The dominance of Bitcoin in the market is quietly but surely increasing as the currency reached the value of £6119.01 as of today. It is a major topic of discussion between investors and cryptocurrency and blockchain enthusiasts. Although the cryptocurrency has gained a lot of negative feedback from banks and the Wall Street it is still something that is being largely discussed and they’re currently keeping an eye on.
In a note this week, Goldman Sachs advised investors that precious metals such as gold still remain as a relevant asset class in portfolios.
“The use of precious metals is not a historical accident – they are still the best long-term store of value out of the known elements,” the investment bank stated.

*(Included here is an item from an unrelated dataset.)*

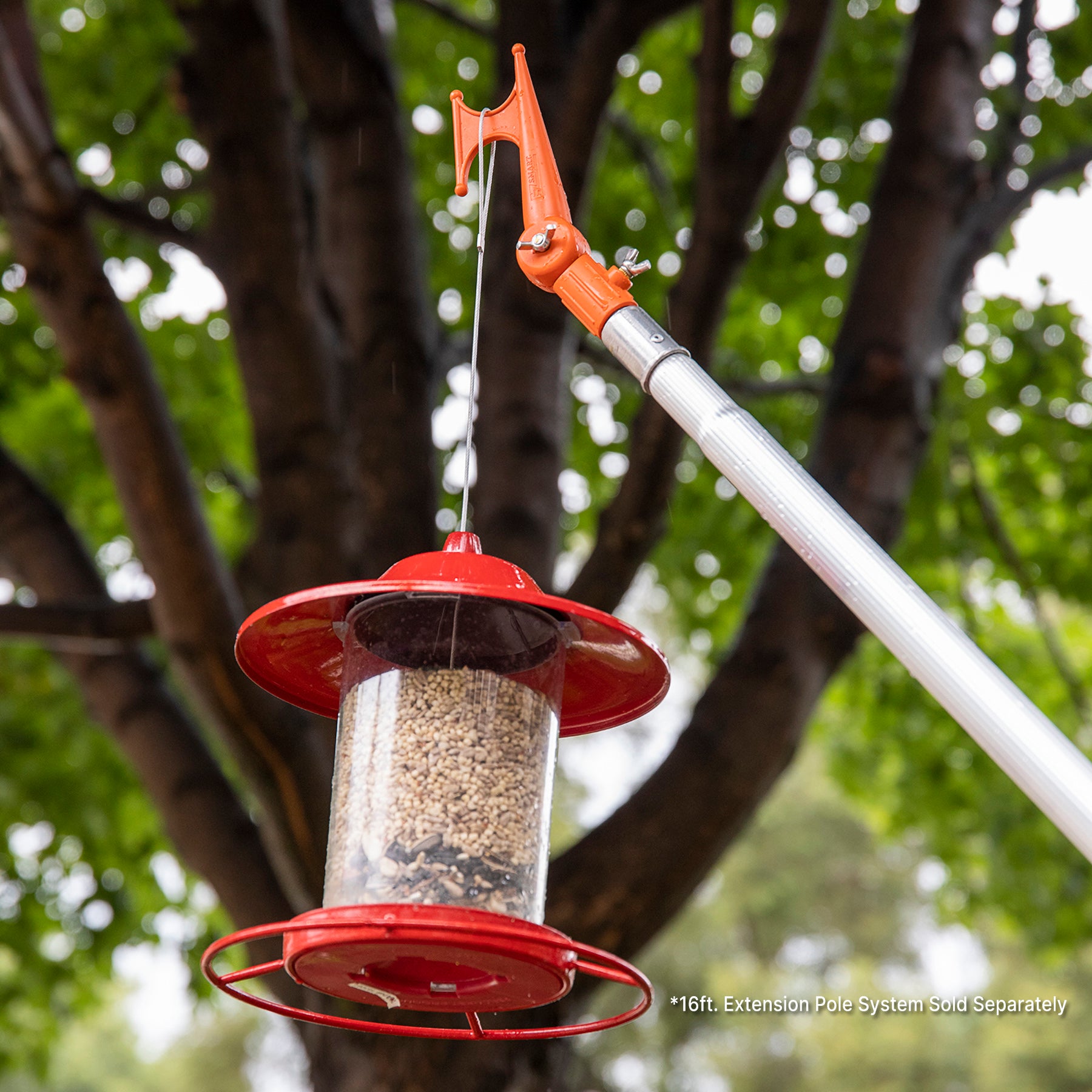 Handy Hook on extension pole hanging bird feeder; EZ Smart extension pole kit sold separately.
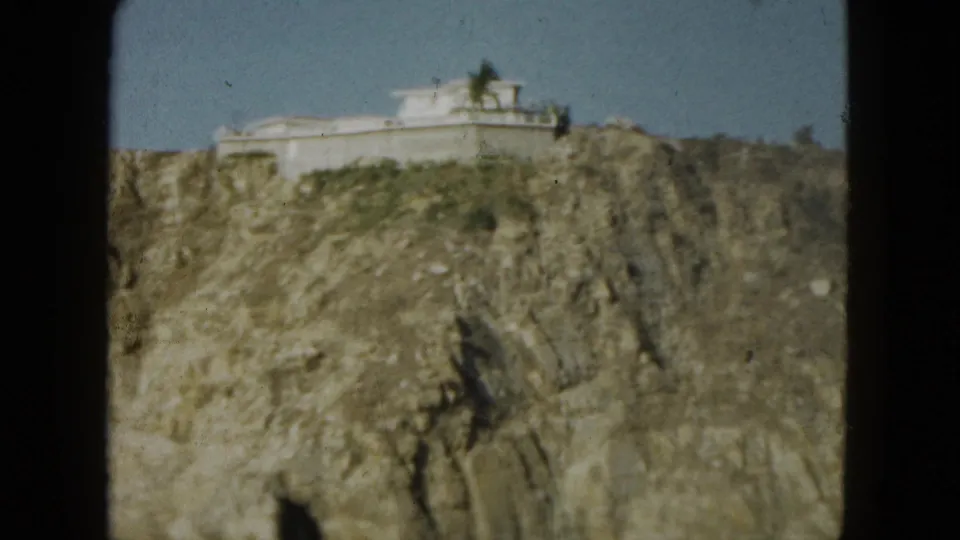 1962 Acapulco view of a white structure perched on a rocky cliff, framed by 8mm gate edges and open sky.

These comments have been generated due to the increase of investors and commentators in the media that have dubbed Bitcoin as “digital gold”. This is due to the fact that like gold Bitcoin has a finite supply and its price increase is also sometimes affected due to political issues which makes it perfect to use as an everyday currency.
To argue these commentators Goldman pointed out that digital wallets where people store cryptocurrencies have increased vulnerability of hacking as well as major regulatory risks. Examples include the ban of cryptocurrency exchanges from China as well as the hesitation of governments accepting the cryptocurrency.
Governments and central bankers have a good reason to be wary of such a decentralised currency as Bitcoin. The Bitcoin economic model has achieved what seems impossible to the banks, a currency that does not deflate and is free from government mismanagement.